Jede Art von Wissenschaft ist beschränkt. Auf der Suche nach Wahrheit beschreitet die Wissenschaft nicht so selten sogar völlig falsche Wege. Ein Allgemeingültigkeitsanspruch der Wissenschaft ist in meinen Augen deswegen nicht berechtigt.

Wo sehen Sie die engsten Verbindungen zwischen den Jüdischen Studien und den Rechtswissenschaften?
Das jüdische Recht Halacha ist eines der ältesten bis heute gültigen Rechtssysteme.
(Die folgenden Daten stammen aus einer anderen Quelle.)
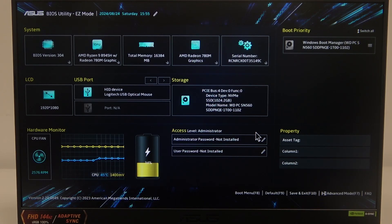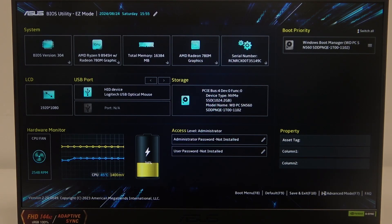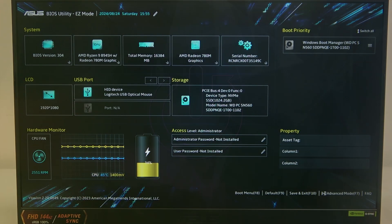Hello, here in this video I want to show you how to open advanced BIOS settings on an Asus TUF gaming laptop.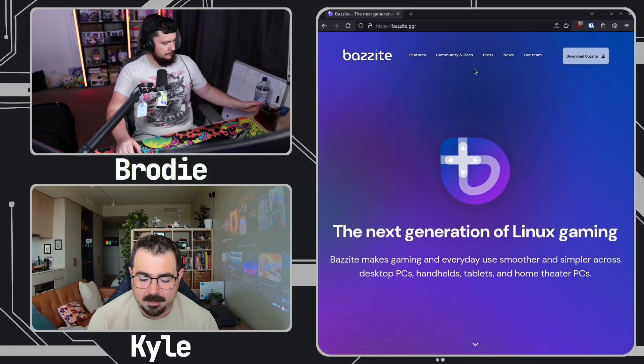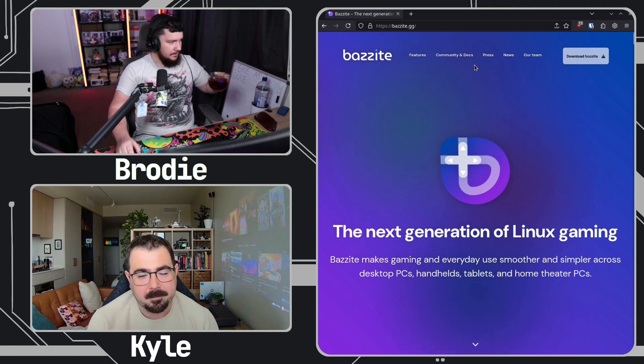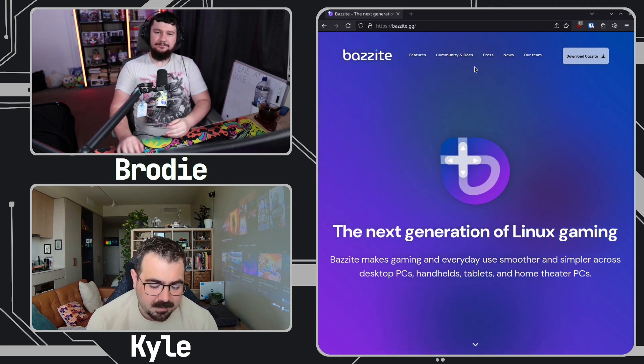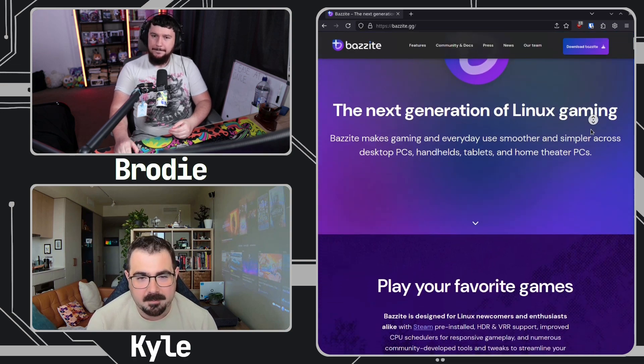Most people have probably come across the project at some point, even if they don't daily drive it. For anyone who has no idea what the project actually is, can you give a brief overview of it, and then we can get into why it exists and why someone might want to use it? Sure. Bazzite as it is today is a Linux custom image designed to make gaming on Linux as easy as possible for the average user — for all hardware, whether it's a handheld or a home theater PC. If it's something you can game on, Bazzite very likely runs on it.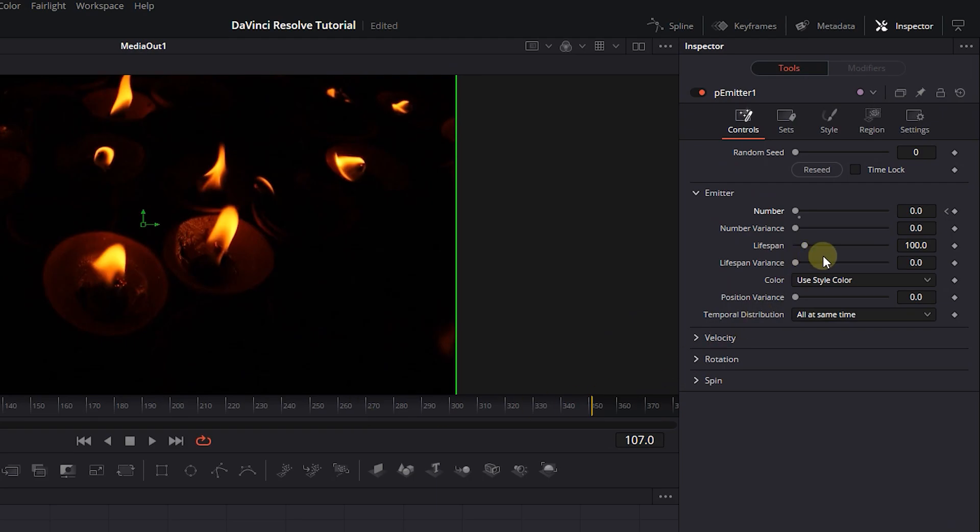So, increase Lifespan to a high value like 500 which is more than the Composition Size.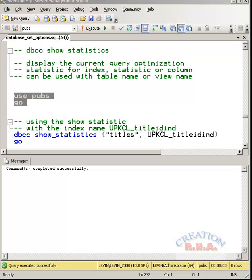In this video, I am going to talk about some more DBCC commands like show statistics and many more. What is DBCC show statistics? It displays the current query optimization statistics for the index. The statistics or the column can be used with the table name or the view name.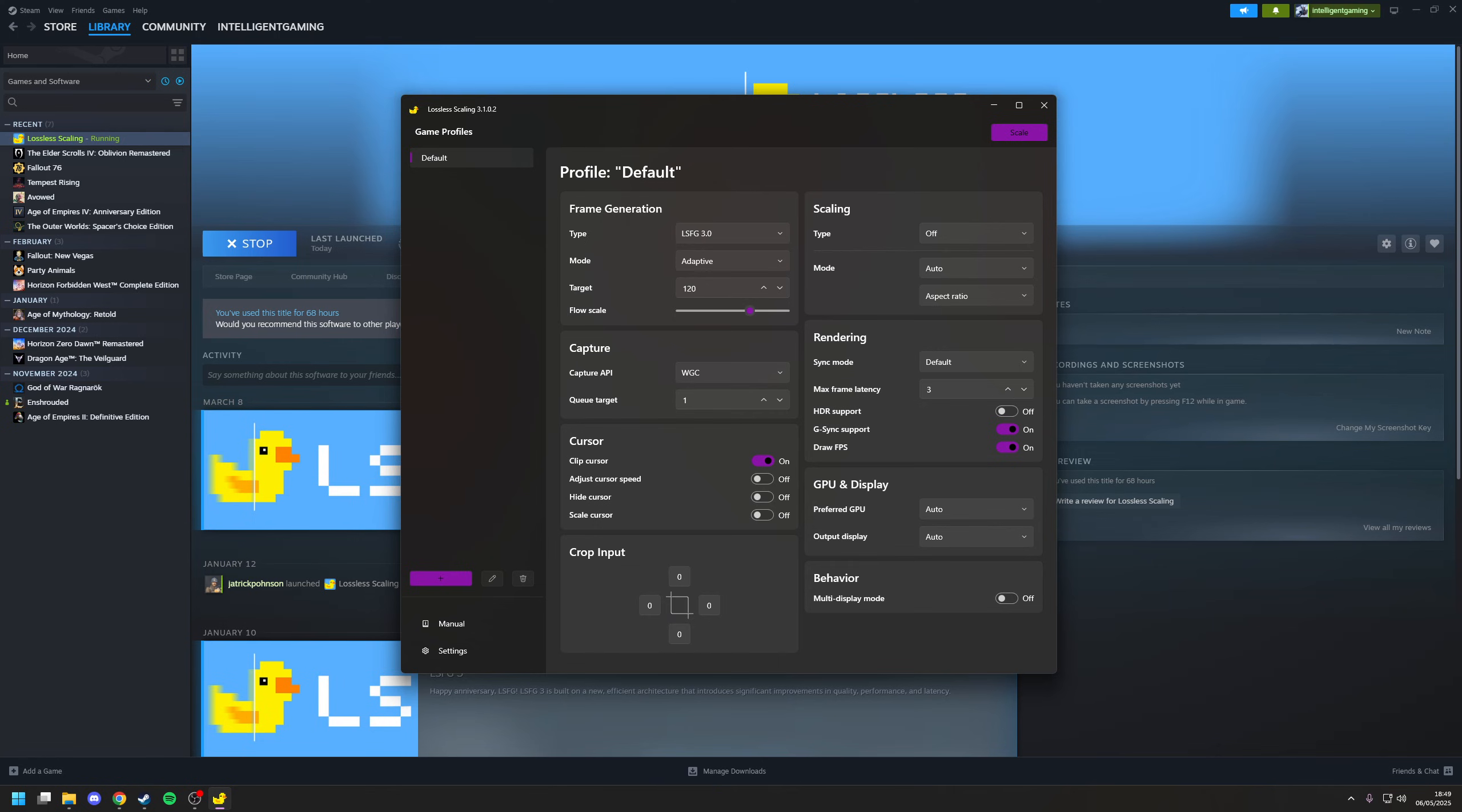So once you've installed the software, then launch it as normal. You'll find that the main interface of Lossless Scaling is straightforward and it's quite customizable. But there's only two sections we need to focus on and that's the frame generation section and capture.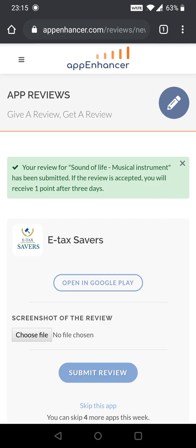These points will be used for the app I have added on this App Enhancer website, and other users will give me a review on it. This is a very good way to get free reviews and ratings on your own Android app.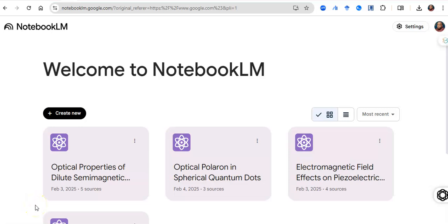You must have heard of Google NotebookLM, but if you haven't, don't worry. This video wants to not only show you what it is about, but tell you how to use it and how to get the best out of the new NotebookLM.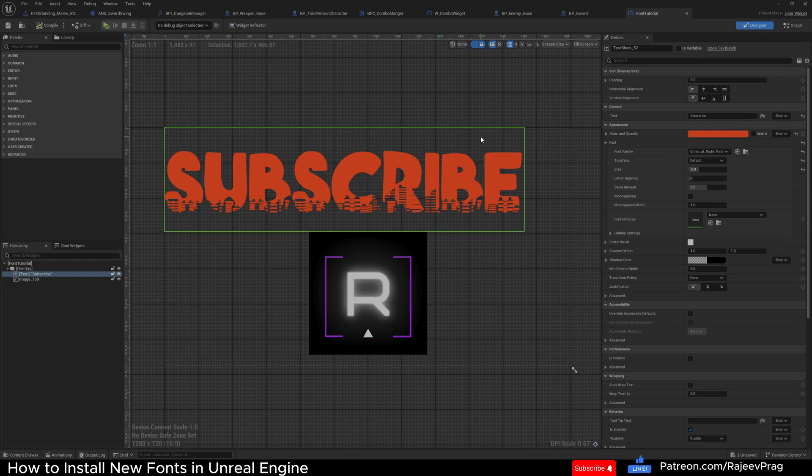Other than that, thank you very much for stopping by for this quick video on how to install fonts in Unreal Engine. For more tips and tricks like this, make sure you subscribe to the channel. I'll catch you on the next one.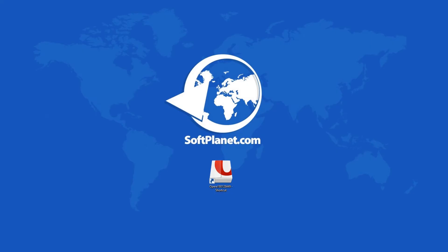Greetings to you, this is David from SoftPlanet. Let's take a look together at Opera 18.0.1284.49.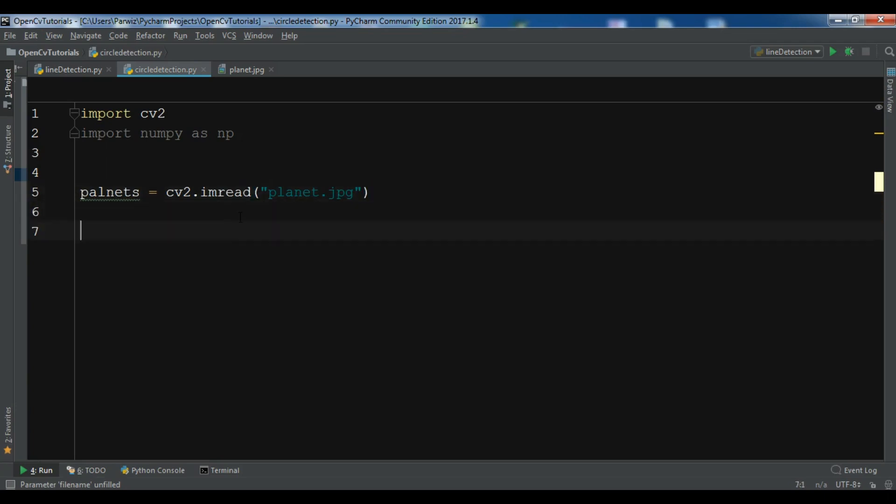Now we need to convert this image to gray. cv2.cvtColor, planets, cv2.COLOR_BGR2GRAY.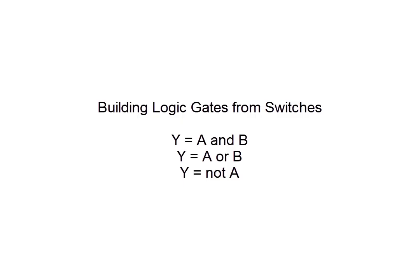In this video, we're going to look at how we can build switching circuits to implement the three Boolean logic gates: Y equals A AND B, Y equals A OR B, and Y equals NOT A.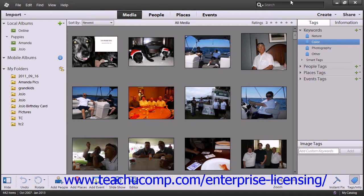Keyword tags are identifiers that you assign to further help you organize your images. Tags create subcategories within an album. Tags are categorized in the form of people, places, events, or any other custom category you want to create. We will discuss creating additional tag categories in the next lesson.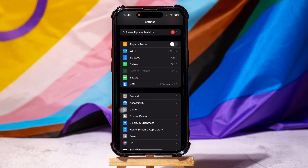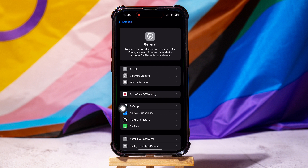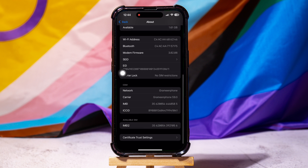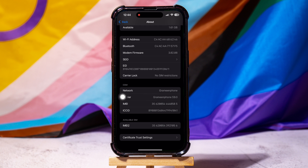Now go back to the Settings page to find and tap on General. Inside the General menu, tap on About at the very top. Scroll down the About page and you will see a section labeled eSIM. Here, you can find the name of your mobile provider with other options.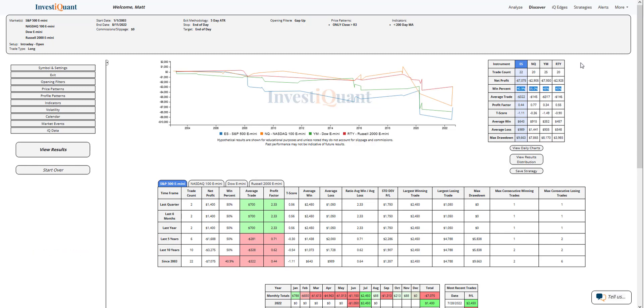If we look at the average moves, you'll see the average loss is larger than the average win in all four instruments. So all four of these have larger moves on average to the downside than the moves to the upside.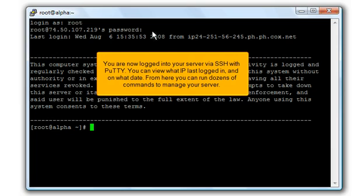You are now logged in to your server via SSH with PuTTY. You can view what IP last logged in and on what date. From here you can run dozens of commands to manage your server.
Für die Rechtswissenschaften ist das jüdische Recht ein seltenes Beispiel eines Rechtssystems, das seine Kontinuität und Konsistenz unter ganz unterschiedlichen historischen Bedingungen bewahren konnte.

Was ist Ihrer Meinung nach die wichtigste Quelle/Ihr Lieblingstext?
Albert Camus, Die Wette unserer Generation: „Das Ziel der Kunst, das Ziel eines Lebens kann nur darin bestehen, die Summe der Freiheit und Verantwortung, die in jedem Menschen und in der Welt liegt, zu vergrößern.“ Die Dialektik von Freiheit und Verantwortung bildet auch den Kern des Judentums als Kultur, Lebensweise und Weltanschauung.

Was wünschen Sie sich für die Jüdischen Studien?
Ich hoffe vor allem, dass die Jüdischen Studien weiterhin als eine gesellschaftsrelevante Disziplin behandelt werden und nicht nur als eines von vielen kleinen Orchideenfächern.

Was sollte nach Ihrer Meinung aus Ihrem Forschungsbereich im Schulunterricht/in den Bildungsbereich/in die Gesellschaft Eingang finden?
Im Laufe der letzten Jahre und Jahrzehnte konnte das Werk von vielen verfolgten jüdischen Komponisten wiederentdeckt werden. Ihre Kompositionen sollten nicht nur Teil des allgemeinen Kulturlebens sein, sondern auch Eingang in den Schulunterricht finden.